SNPsetter Screenshot 7

Figure 7: Combining two SNP files

This allows the resultant file to be analysed as a single set of data by other software applications. One application of this would be to combine two different types of file into a single reference file to be used by SNPsetter. This would be useful, for example, if the patient data consisted of two mutually exclusive sets of different file types. By combining one file of each type into a reference file, the internal database will include all the SNPs from both sets, and would be able to accept patient files of either type. When each output file is then generated, SNPs that were not in the original input file are included, with a genotype of "NoCall". These output files can then be used as input for other programmes (e.g. IBDfinder or AutoSNPa, allowing all the patients to be processed as one group.

However, whenever such file-combining operations are carried out, it must be verified that both types of input file have SNP annotation data derived from the same genome freeze. If this is not the case, the resultant combined set of SNPs could be incorrectly ordered. Also, for this appproach to be useful, the downstream analysis programme must be able to accept datasets that have a large number of "NoCall" SNPs.

When combining two files of SNP data from the same patient, some SNPs may be in common between both data sets. In this case, the following rules are applied in order to resolve any genotyping or annotation conflicts between the two data sets:

The two files to be combined are selected using the File 1 and File 2 buttons.
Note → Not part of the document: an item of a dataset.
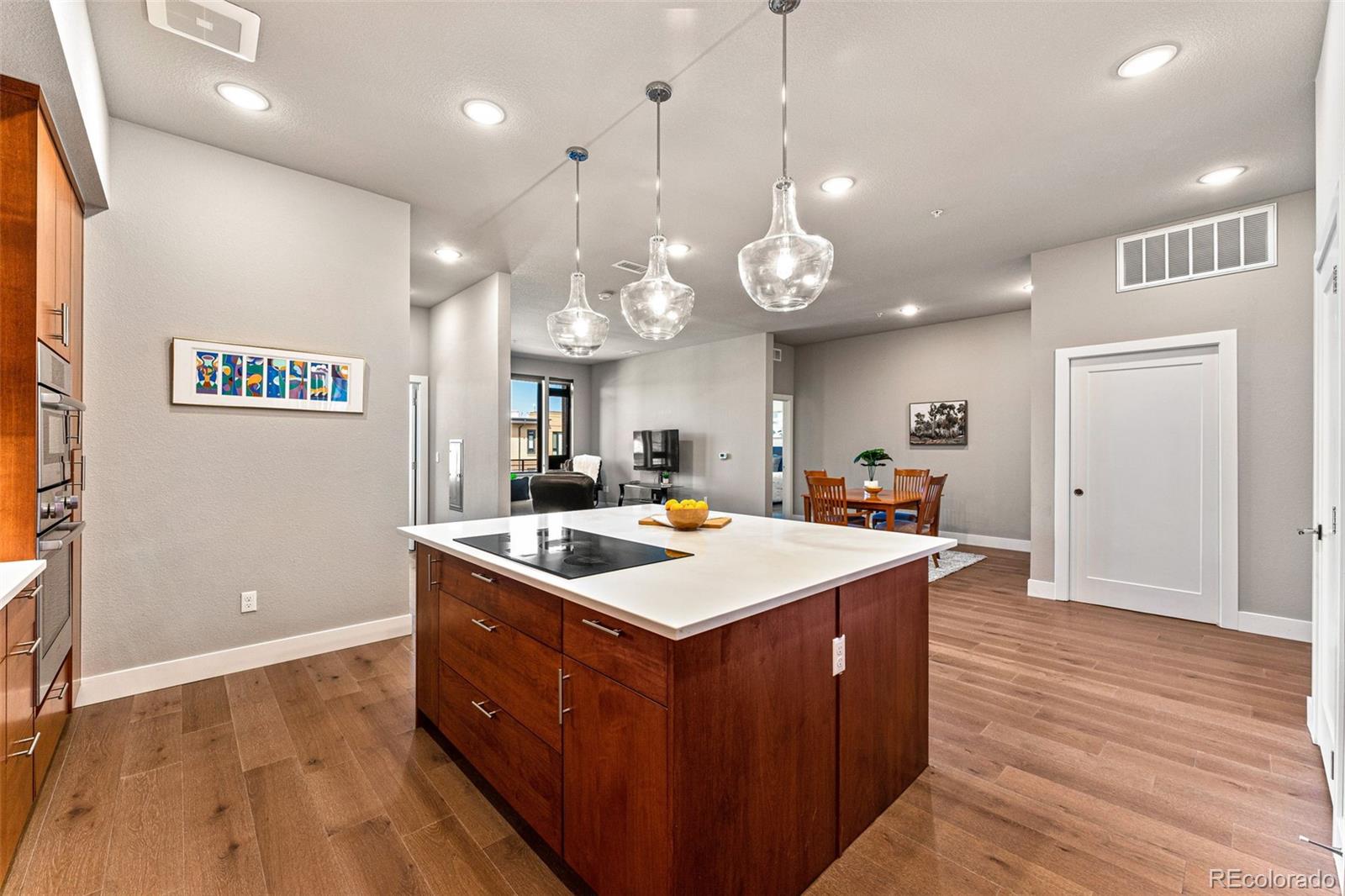 MLS Image #11 for 6618 e lowry boulevard 305,denver, Colorado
Once this is done, the Create button will prompt for the name of the output file. To clear the input files and create a new combined file, the Clear button is used.

8.2. Creating SNP position files from the NCBI dbSNP web page

An up-to-date set of SNP position data can be retrieved from the NCBI web site. To do this, you will need a web browser open at www.ncbi.nlm.nih.gov/projects/SNP/dbSNP.cgi?list=rslist. Start SNPsetter and go to the dbSNP tab (Figure 8). Select the Create button and choose an Affymetrix data file that contains a column of SNP rs names. A text file will be generated in the same folder, containing a list of all the rs names in the data file.

SNPsetter Screenshot 8

Figure 8: Retrieving position data from dbSNP

Open this file, select and copy all the text, and paste it into the text box on the NCBI web page. Enter an email address, select the output format as "CHROMOSOME RPT" and press "Submit" to send the web page. The NCBI server will then send an email containing a link to the results file, which has been compressed with gzip. (The email also contains a link to www.gzip.org which contains information on a number of utilities which can decompress the .gz file.) Once the NCBI results file has been downloaded and decompressed, return to SNPsetter and select it using the dbSNP button. The new reference file can then be generated by by clicking Create. This new output file contains the up-to-date positions of the SNPs and can be used as a reference file or for importing physical position data (see Importing user-defined data).